Thomas Mann nannte ihn einen der "größten Dichter der jüngeren Generation" - was die Nachwelt aber nicht daran hinderte, ihn gründlich zu vergessen. Theodor Kramer, dessen Nachlass mehr als zehntausend Gedichte umfasst, war ein Opfer des Nationalsozialismus und ein Opfer der Nachkriegszeit. 1938 ist der Wiener Sozialist jüdischer Herkunft 41 Jahre alt.

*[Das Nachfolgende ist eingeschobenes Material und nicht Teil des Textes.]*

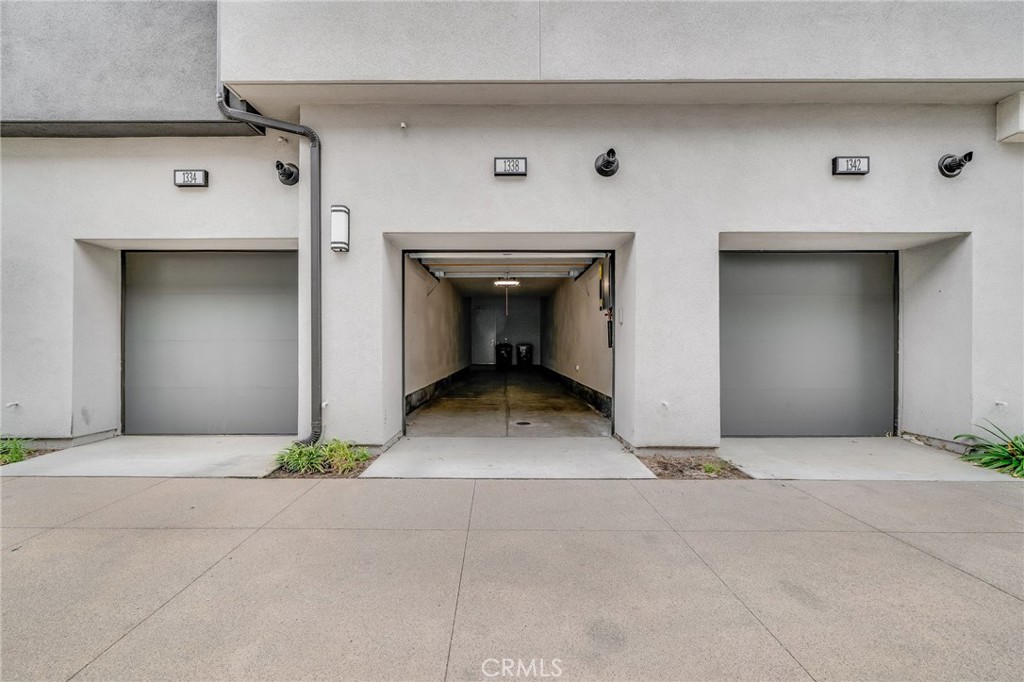 https://media.crmls.org/medias/a36da30a-c1d3-42cd-bc89-7025d246e552.jpg?preset=X-Large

Seit Anfang der 1930er Jahre erscheinen seine Gedichte in Prager, Berliner und Wiener Zeitschriften und werden im Rundfunk gelesen. Er schreibt Gedichte über Proletarier, Landstreicher, Knechte, Huren und über sich selbst. Unromantisch, kraftvoll und genau. 1939 emigriert Theodor Kramer nach London, wird britischer Staatsbürger und kehrt erst 1957 nach Österreich zurück. Bald darauf, am 3. April 1958, stirbt er, unzufrieden und wenig beachtet, 61-jährig, in Wien.

Die deutsche Autorin und Regisseurin Daniela Kletzke hat dem österreichischen Dichter ein eigenes Stück gewidmet. Basierend auf Gedichten, Briefen, Notizen und fiktiven Elementen entwirft sie das Bild eines Mannes auf der Flucht.